Una frase provocatoria, anche nel citare con una certa ironia l'ormai iconico motto di Videodrome, che cela un ben più problematico e interessante legame tra chirurgia e sesso all'insegna della produzione artistica. Ecco che Cronenberg non solo inserisce all'interno della propria riflessione body-horror anche elementi provenienti dalla sua produzione post-2000, ma supera quanto già affermato in passato rendendo esplicita anche la trasformazione dell'idea di opera d'arte in concomitanza a quella antropologica, sociale e politica: i confini stessi tra cosa sia l'evento artistico, chi sia l'artista e se esista ancora un oggetto da contemplare sfumano fino a perdere ogni consistenza, tanto da portare l'ispettore che collabora con Saul a mettere in dubbio ogni singolo elemento dell'arte portata avanti da questi e dalla compagna, da chi sia difatti l'artista e in cosa consista questa presunta arte.

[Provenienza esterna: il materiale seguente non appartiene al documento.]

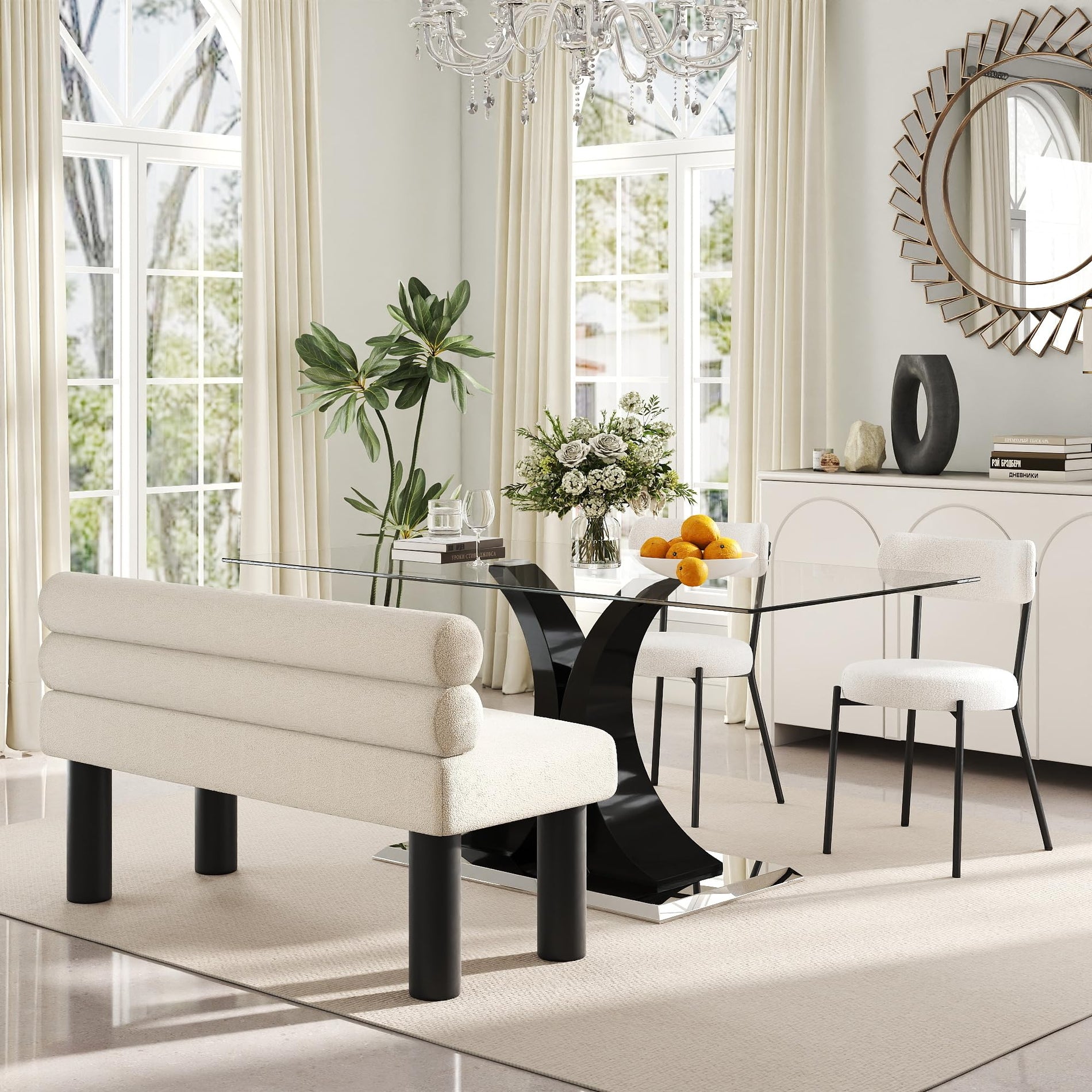 Glass Dining Table Set with Bouclé Chairs & Bench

A partire proprio dall'espressione creativa Cronenberg mostra, attraverso una forma rigorosa e opprimente, privilegiante inquadrature strette e fisse, un processo in divenire cominciato già nel presente di totale mutazione del concetto stesso di umanità, in ogni sua sfaccettatura, rendendo Crimes of the Future un caso esemplare di fantascienza sociologica, in grado di aprire gli occhi sulla nostra realtà quotidiana tramite un futuro ipotetico che assume ogni anno contorni sempre più inquietantemente reali.